Miała być... szarlotka, ale w końcu wybór padł na bułeczki drożdżowe z musem jabłkowym. Odbiegłam więc od tradycyjnych powideł, którymi zazwyczaj nadziewam bułeczki. Przepis znalazłam kiedyś w jakiejś kulinarnej gazetce, dziś wypróbowałam po raz pierwszy i nie żałuję 😊
Bułeczki wyszły pyszne, mięciutkie, maślane. Polecam gorąco!
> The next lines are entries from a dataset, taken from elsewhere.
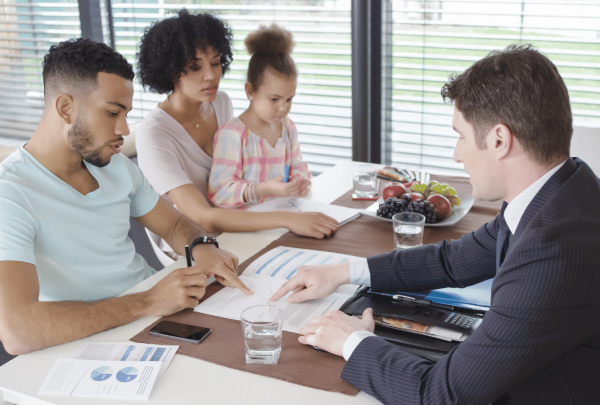 Qual o melhor: Consórcio ou financiamento?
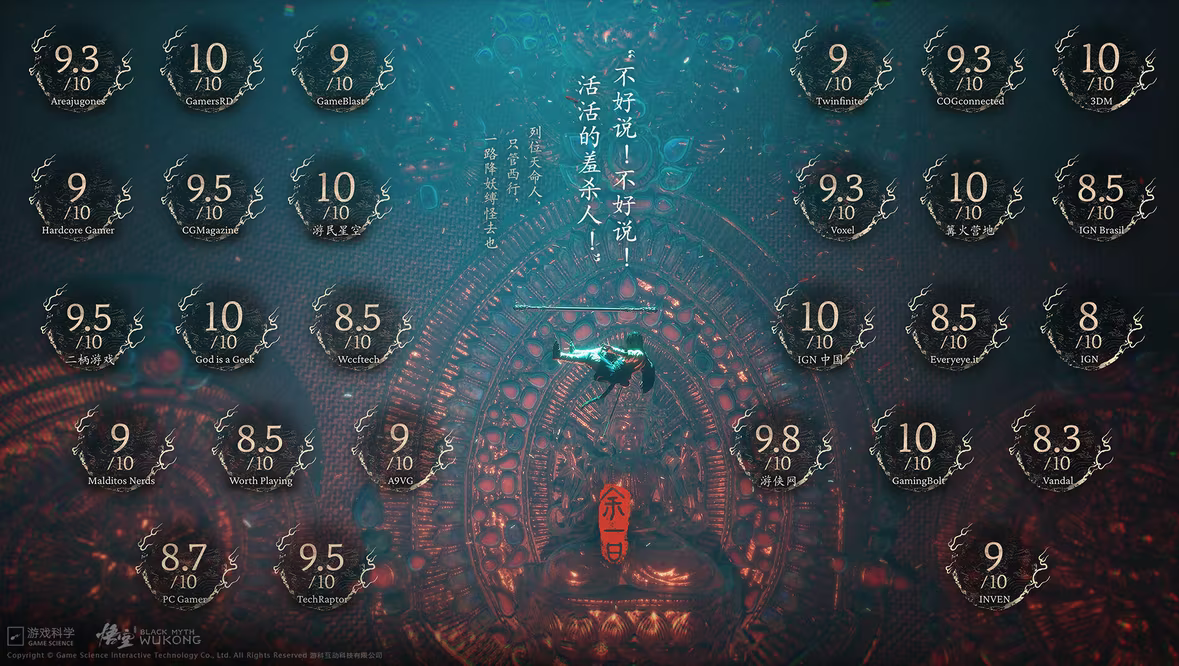20250129-黑神话悟空评分.png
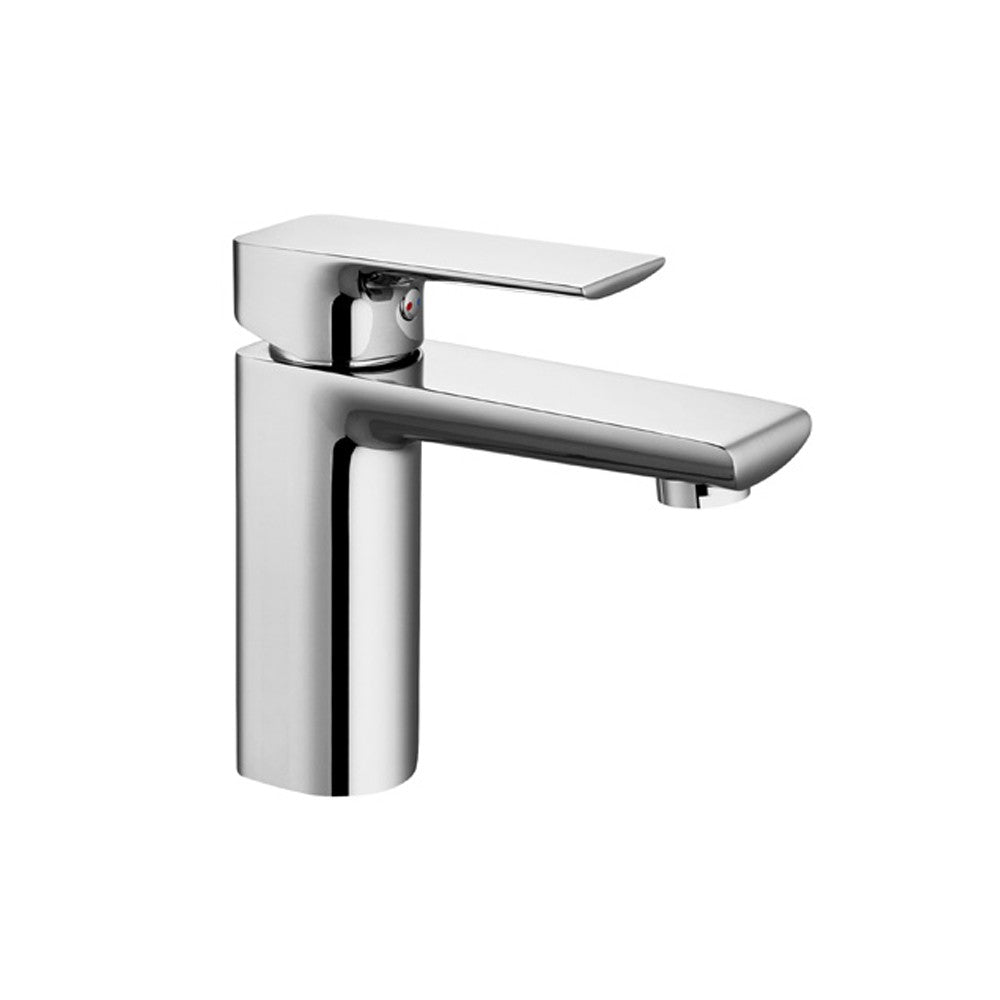 Serie rubinetti Hope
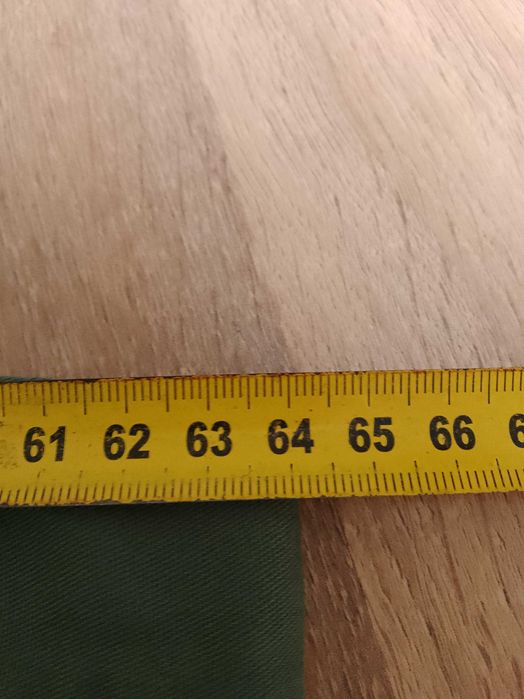 Продам великий рзмір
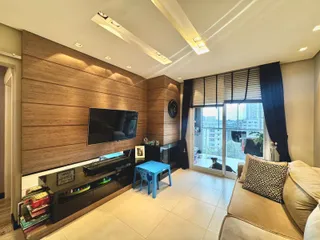 Apartamento com 2 dormitórios, foto 20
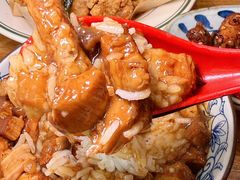 -小泉居(水坑尾店 )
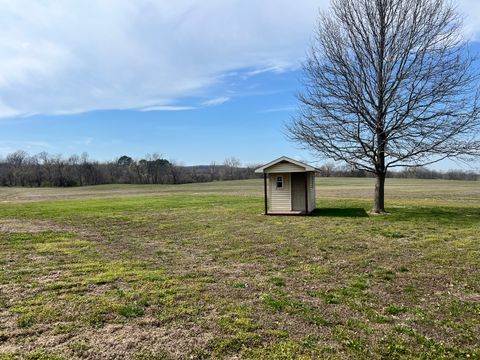 Tiny photo for 233 Dunivan Road, Murphysboro, IL 62966 (MLS # 12602679)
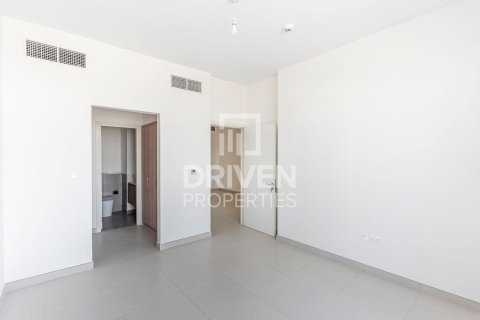 Villa itt: Dubai South (Dubai World Central), Dubai, EAE, 5 hálószoba, 372.54 m², azonosító: 746821 - fénykép 8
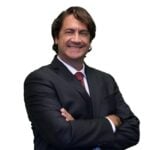 Ron Hertel, Jr.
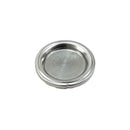 Filtro waffle originale per macchina da caffè De Longhi AT4055313400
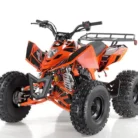 Apollo-Sniper-125cc-003-2-3.webp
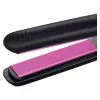 Máy ép tóc Philips HP8401/00
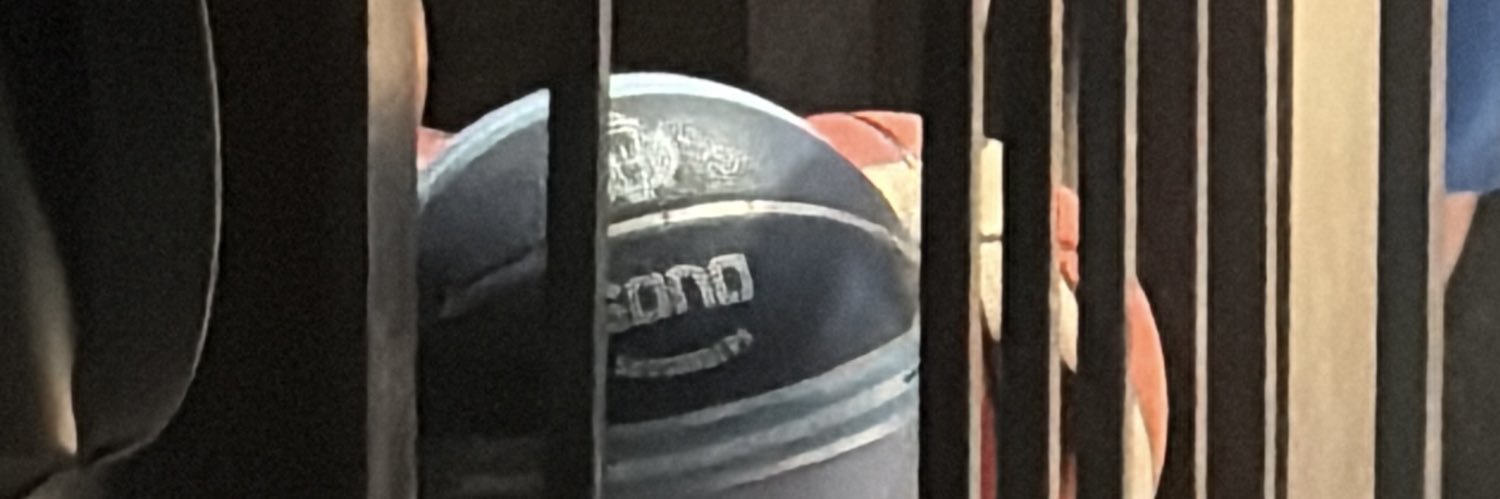 쌀알🩵🩵 banner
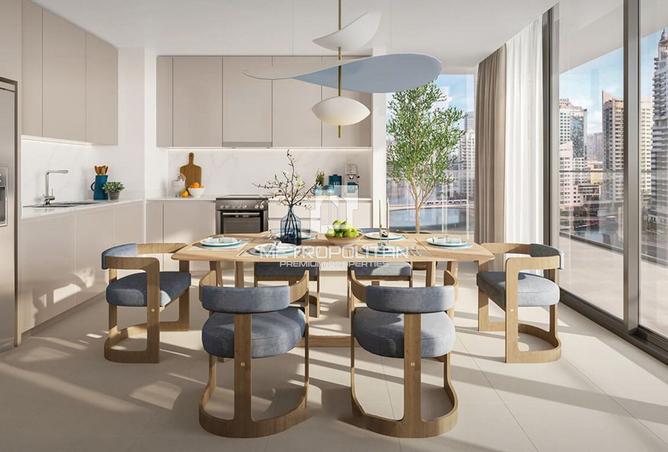 15518748 - Property Image 2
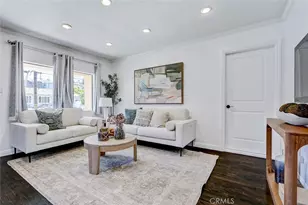 1637 Armour Ln, Redondo Beach, CA 90278 - Photo 1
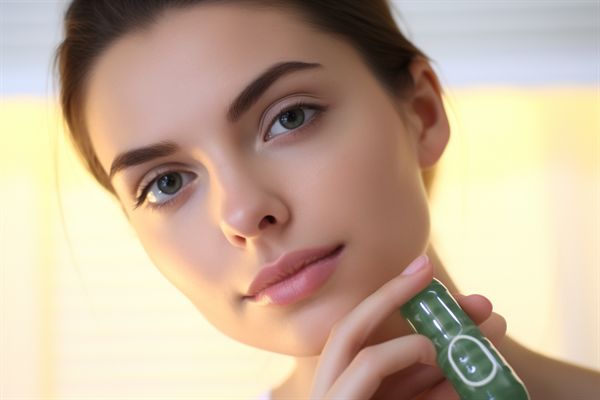 貴陽市優(yōu)質(zhì)美容整形醫(yī)院推薦︱麗都、美貝爾實力口碑受認可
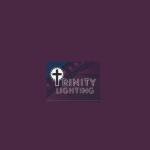 trinitylightingllc Profile Picture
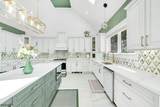 46 Ironia Rd - Photo 3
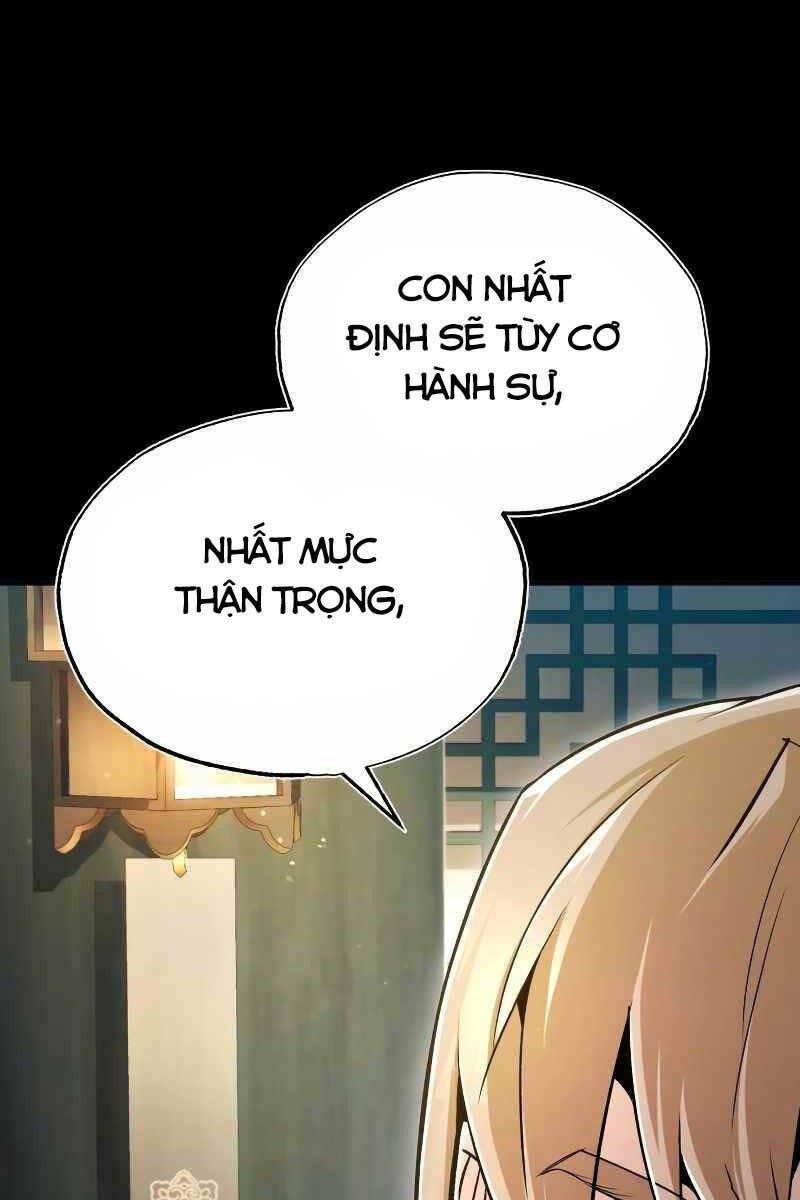 đệ nhất võ sư, baek cao thủ chapter 66 - Next Chapter 66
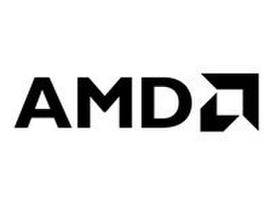 AMD CPU Desktop Ryzen 5 6C/12T 8500G (3.8/5.0GHz Max, 22MB,65W,AM5) MPK (ne gamyklinė pakuotė, be priedų)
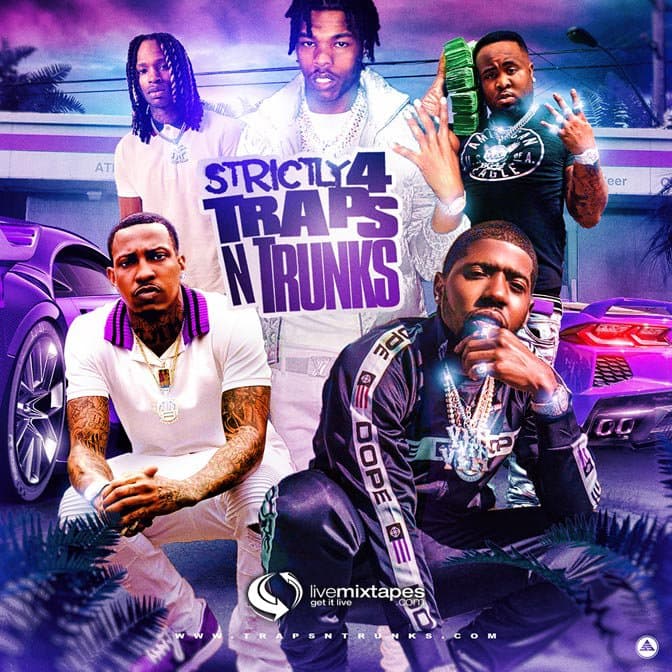 mixtape image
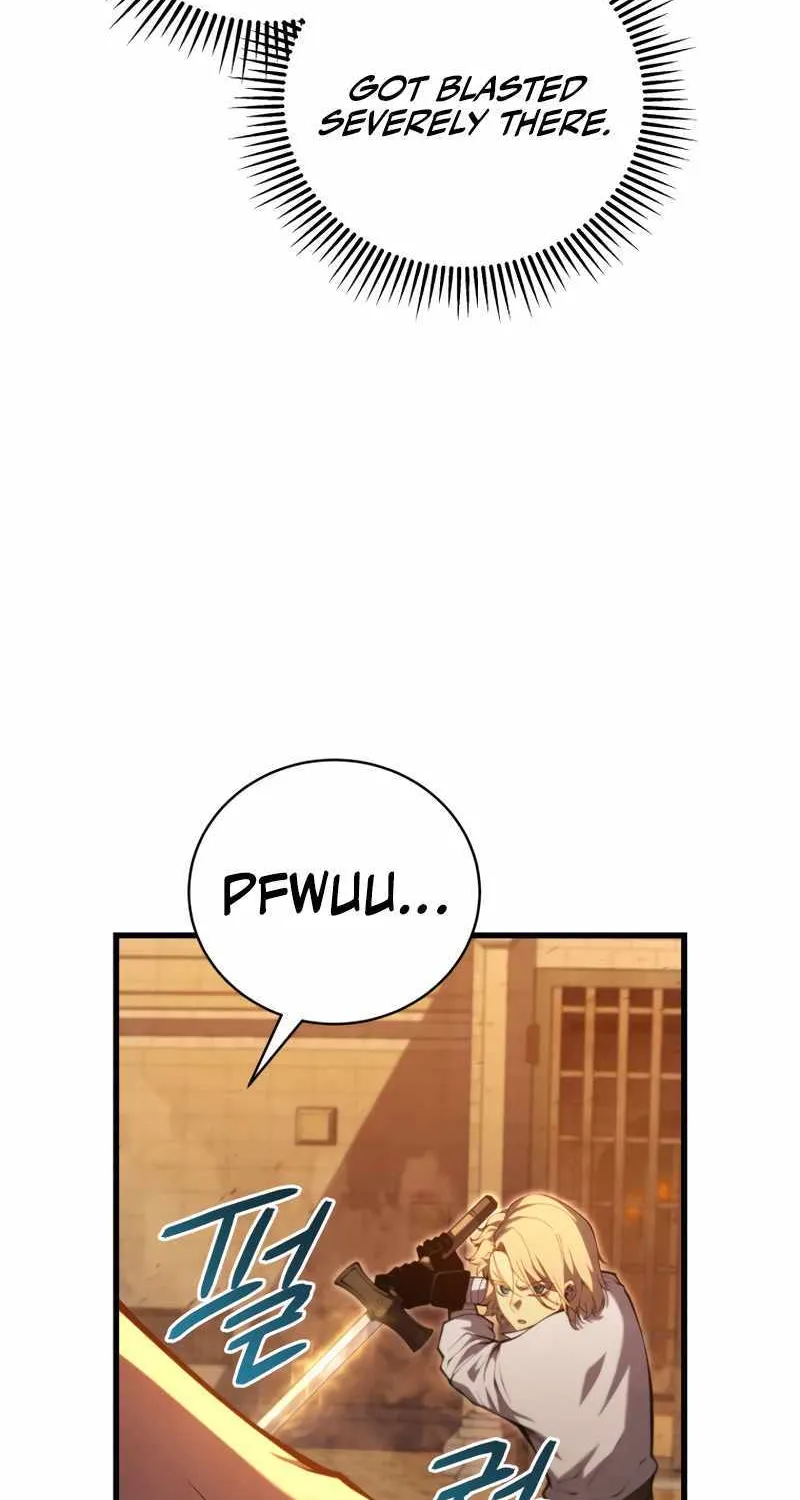 Read Swordmaster’s Youngest Son chapter 70 image 63 on Lezhin
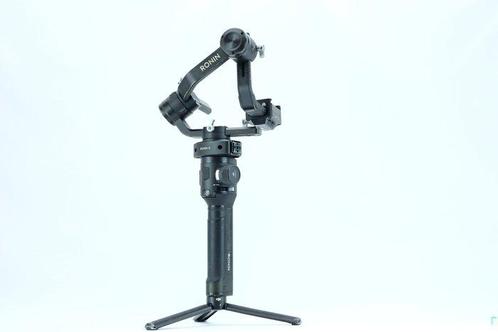 DJI SR1 Trépied, Audio, Tv en Foto, Fotocamera's Digitaal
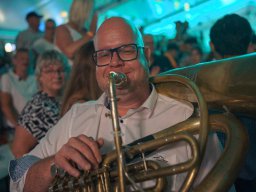 521369977_1294621136003348_7460110584620689529_n_1294618139336981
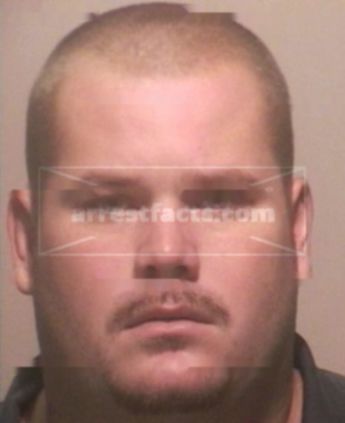 Jason Michael Atwater
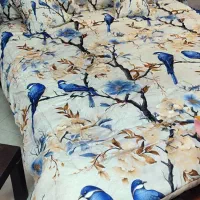 کالای خواب باران|سرویس روتختی|شهریار, شهریار|دیوار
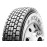 Anvelopa OTANI 315/80R22.5 (156/150L OH301 20PR Drive) m+s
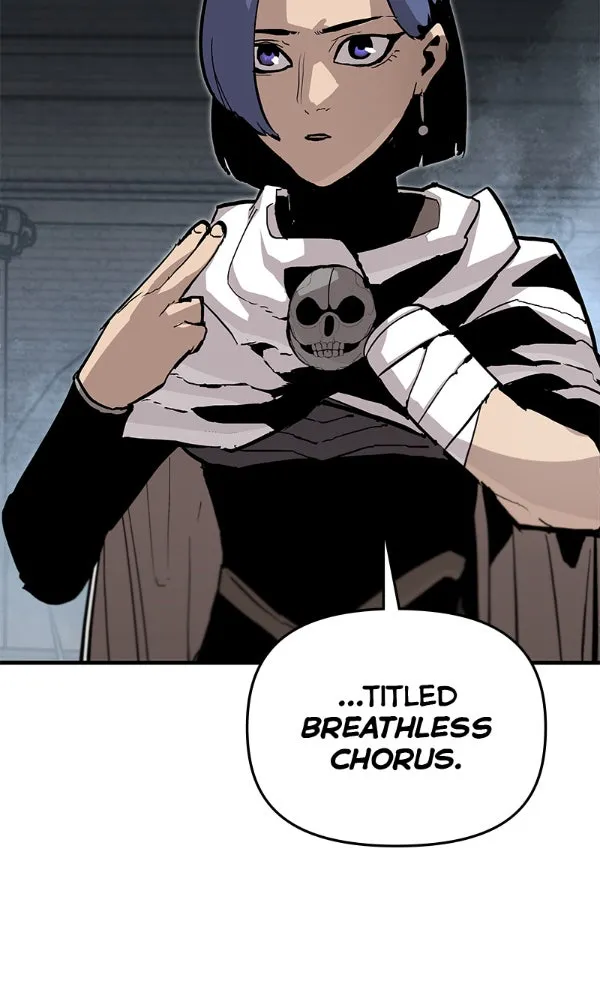 War of Corpses Chapter 15 page 42 - 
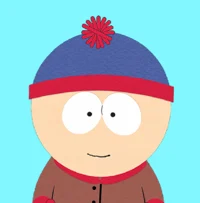 Stan Marsh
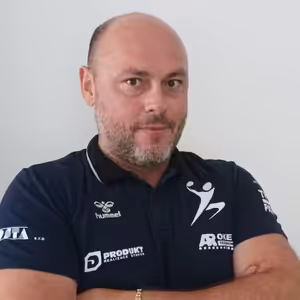 S Petrom Sabadkom nielen o úspešnom ťažení nováčika z Kynžvartu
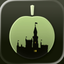 Sir Apfelot icon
Składniki: (na ok 10 bułeczek)
Ciasto:
- 2.5 szklanki mąki pszennej
- 10 g świeżych drożdży
- 3 łyżki cukru cukru
- 1 jajko (plus 1 do posmarowanie bułeczek)
- 1/4 szklanki oleju
- ½ szklanki ciepłego mleka
- szczypta soli
Nadzienie:
Kruszonka:
10 dkg cukru
10-15 dkg masła prawdziwego
20 dkg mąki
Wykonanie:
Drożdże mieszamy z odrobiną cukru i mleka. Odstawiamy pod przykryciem w ciepłe miejsce do rośnięcia na około 10 minut. Pozostałe mleko mieszamy z tłuszczem, resztą cukru i solą. Gdy trochę przestygnie dodajemy do niego jajko.Mąkę przesiewamy do dużej miski i dodajemy do niej podrośnięte drożdże. Dolewamy mleko z tłuszczem, cukrem i solą. Wyrabiamy gładkie ciasto ręcznie lub przy użyciu miksera po czym odstawiamy w cieple na około 1-1,5 godziny. Ja z reguły używam do tego celu piekarnika nastawionego na minimum.Wyrośnięte ciasto dzielimy na około 10 porcji. Każdą rozwałkowujemy i na środek nakładamy porcję musu jabłkowego. Zaklejamy. Odstawiamy na 20 minut do ponownego wyrośnięcia. Podrośnięte bułki smarujemy roztrzepanym jajkiem i posypujemy kruszonką. Pieczemy je przez około 20 minut w piekarniku nagrzanym do 185 °C.